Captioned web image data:
·····
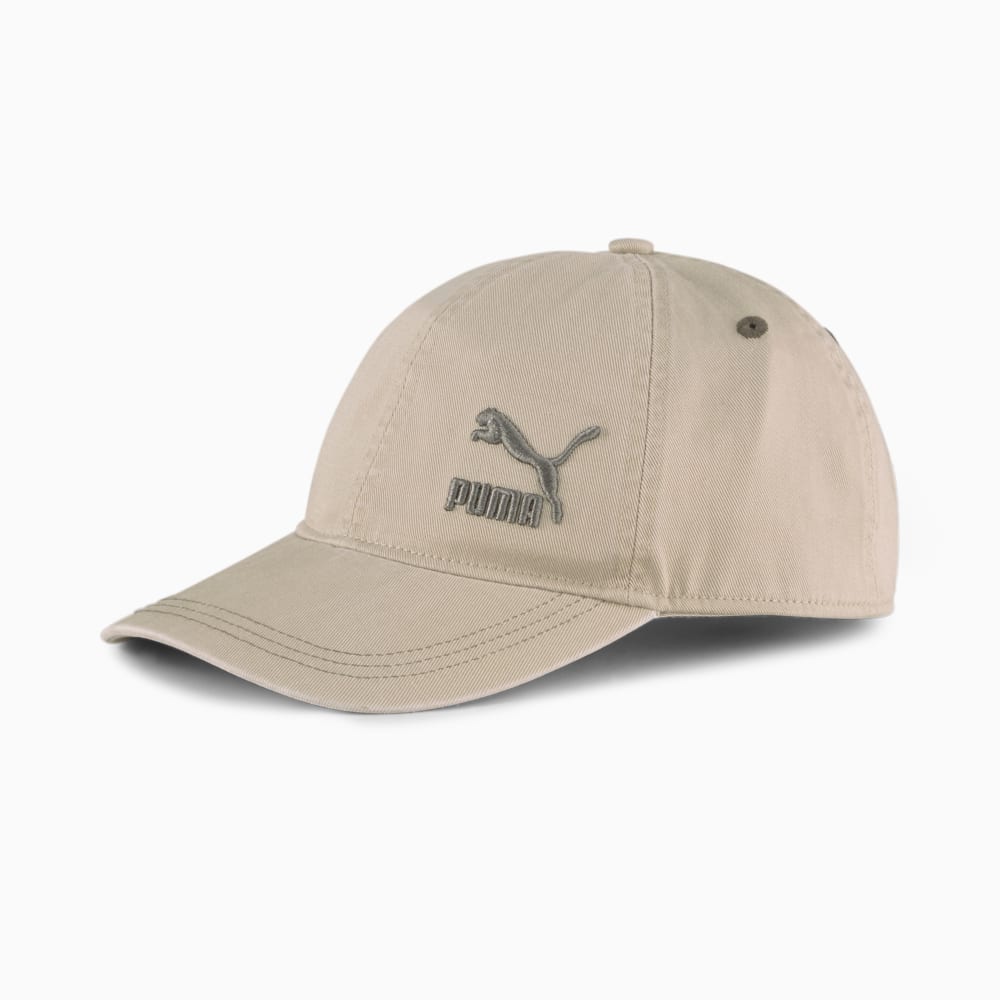 фото Кепка dad cap puma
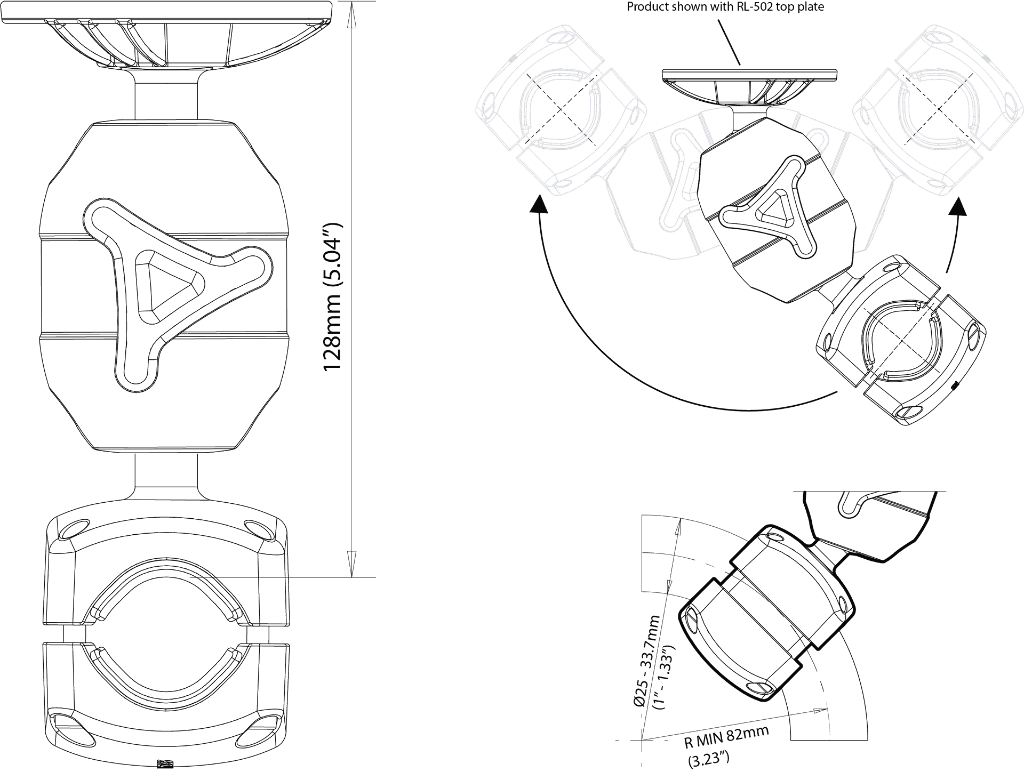 RL-ARM-Technical-Drawing web.webp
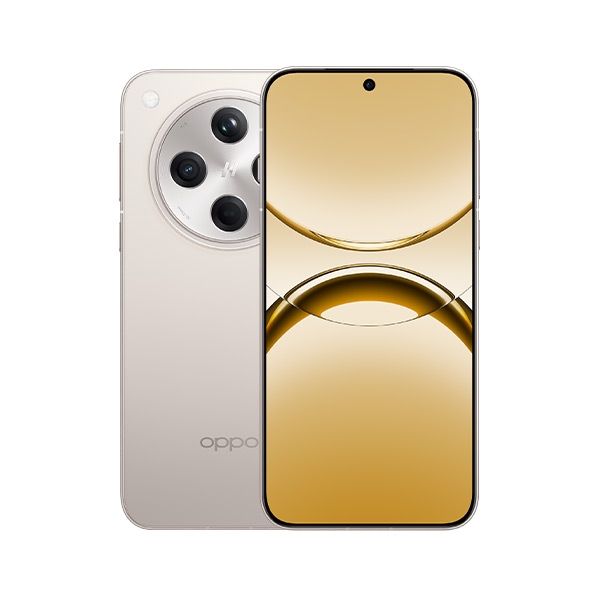 OPPO FIND X8 5G (512GB/16GB)_3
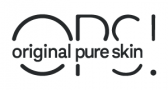 OPS! IT – Cashback, Rebates & Rewards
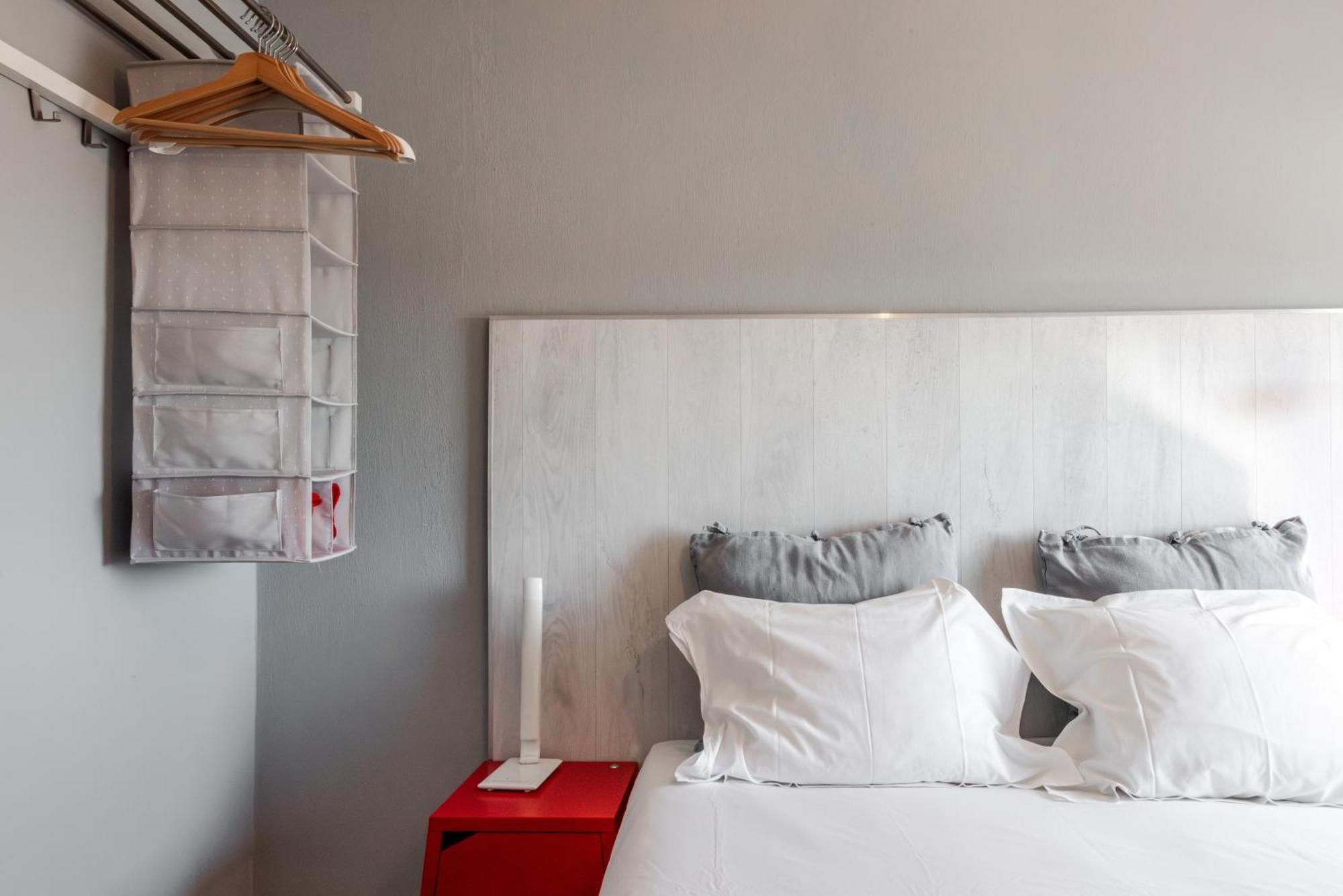 Uptown Bed and breakfast Lagos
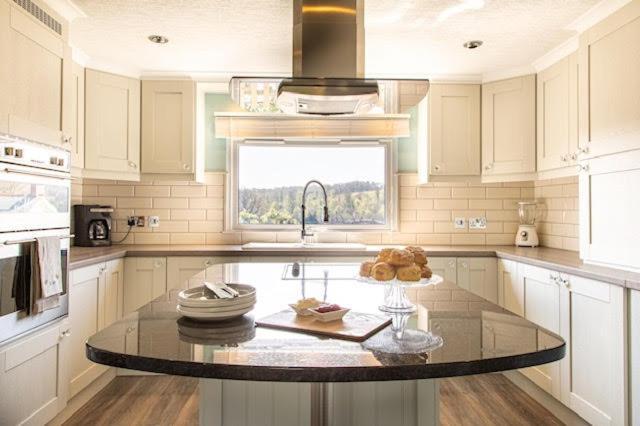 Blankednick Boltholes - 3 Beautiful Family Or Couples Cornish Getaways Villa Truro Bagian luar foto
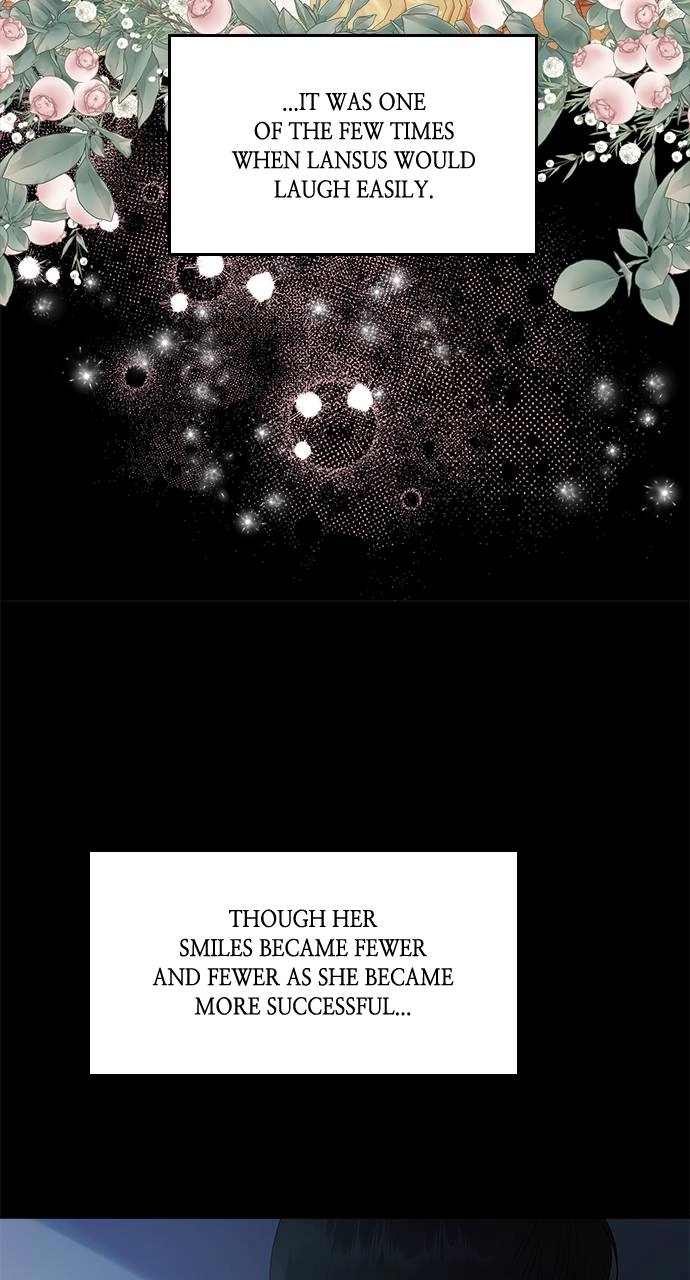 What the Evil Dragon Lives For Chapter 47 Page 50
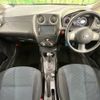 nissan note 2013 -NISSAN--Note DBA-E12--E12-155233---NISSAN--Note DBA-E12--E12-155233- image 2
·····
### WORK TO COMPLETE
Once the line containing "What the Evil" is found, write out exactly that line and each line after it through the end of the entries, omitting pictures.

### SOLVED EXERCISE
 What the Evil Dragon Lives For Chapter 47 Page 50
 nissan note 2013 -NISSAN--Note DBA-E12--E12-155233---NISSAN--Note DBA-E12--E12-155233- image 2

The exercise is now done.